→ **What to work on**
Beginning with the line that contains "German Bisque Dollhouse", retype the entries below exactly, ending with the line that contains "Клейкая лента сверхпрочная". Leave out any pictures.

→ **Data to examine**
────────────────────────────────────────

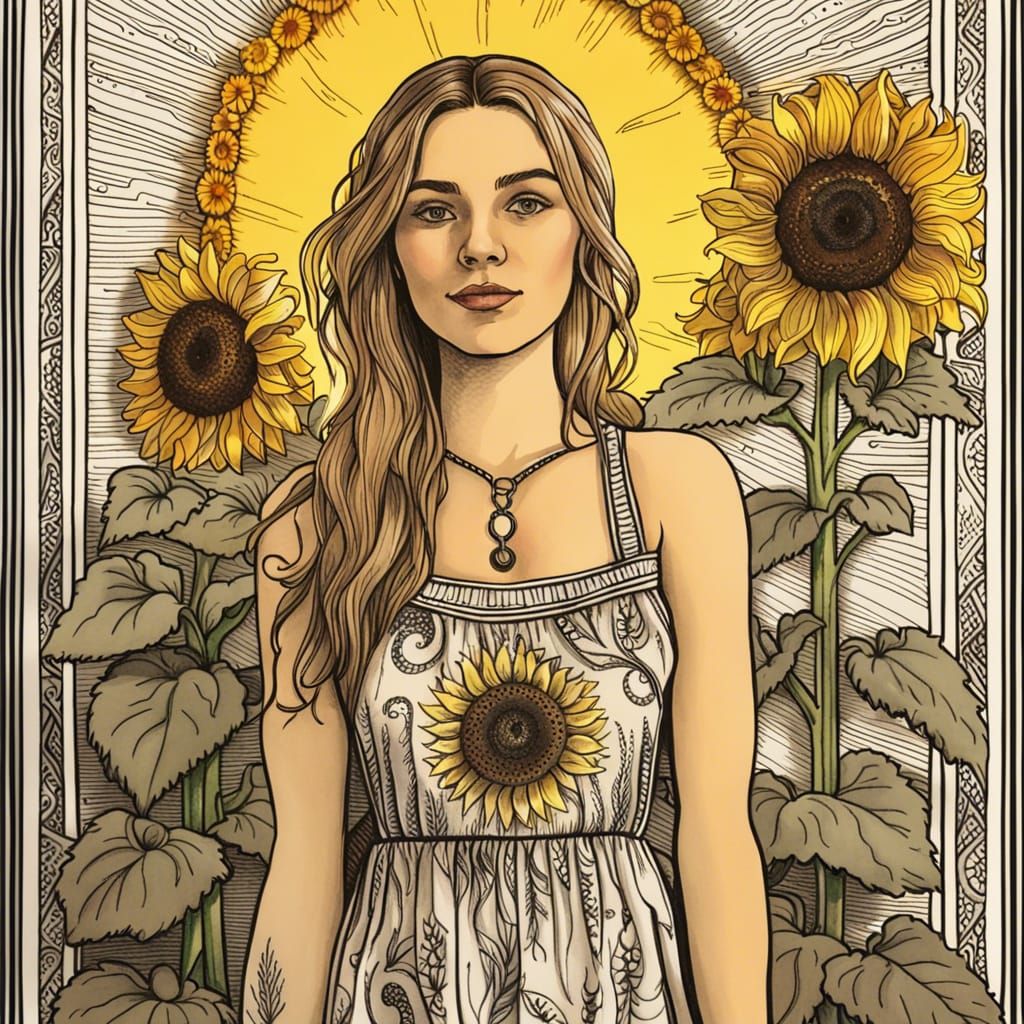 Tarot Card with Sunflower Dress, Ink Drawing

────────────────────────────────────────

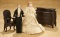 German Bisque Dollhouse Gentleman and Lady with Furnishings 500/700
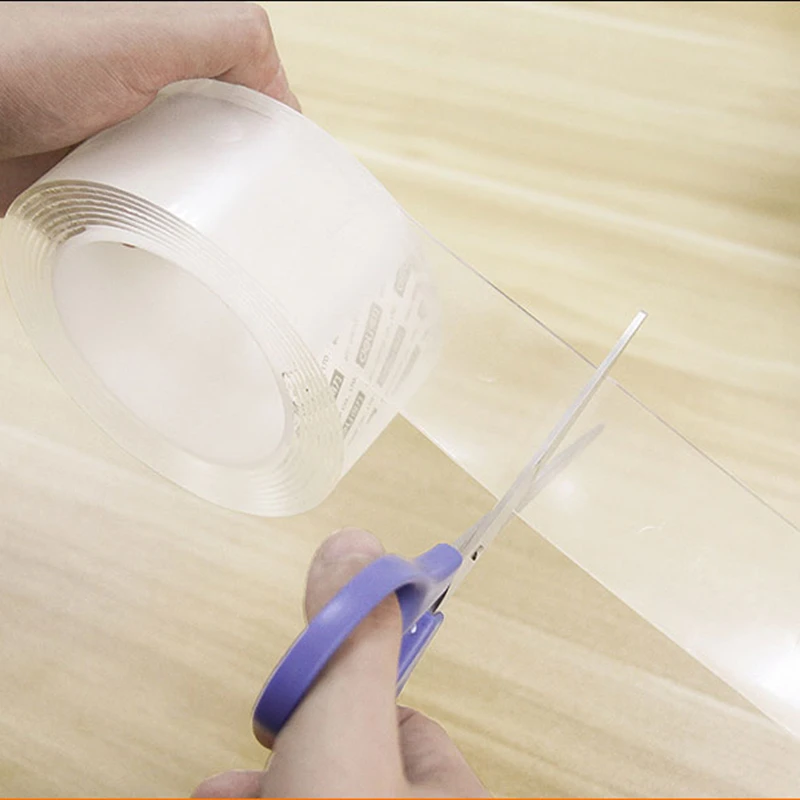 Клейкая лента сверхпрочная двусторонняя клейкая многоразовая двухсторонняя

────────────────────────────────────────

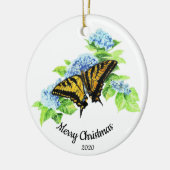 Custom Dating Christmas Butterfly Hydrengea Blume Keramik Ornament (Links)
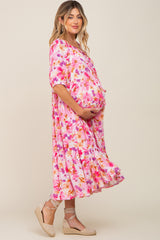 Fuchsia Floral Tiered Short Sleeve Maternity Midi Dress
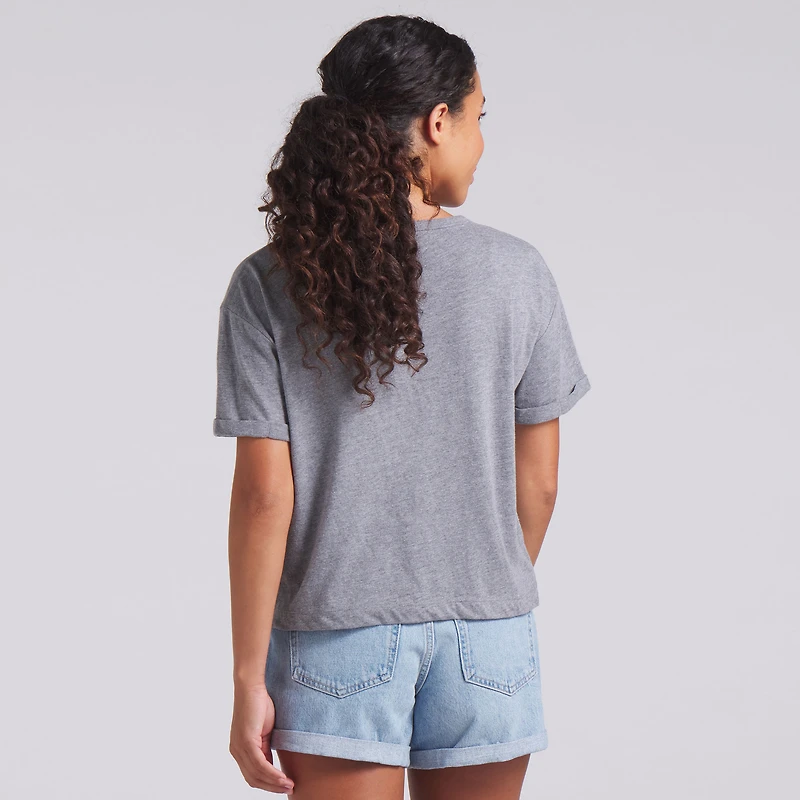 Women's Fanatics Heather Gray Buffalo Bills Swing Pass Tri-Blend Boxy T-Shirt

────────────────────────────────────────

→ **Response to this task**
 German Bisque Dollhouse Gentleman and Lady with Furnishings 500/700
 Клейкая лента сверхпрочная двусторонняя клейкая многоразовая двухсторонняя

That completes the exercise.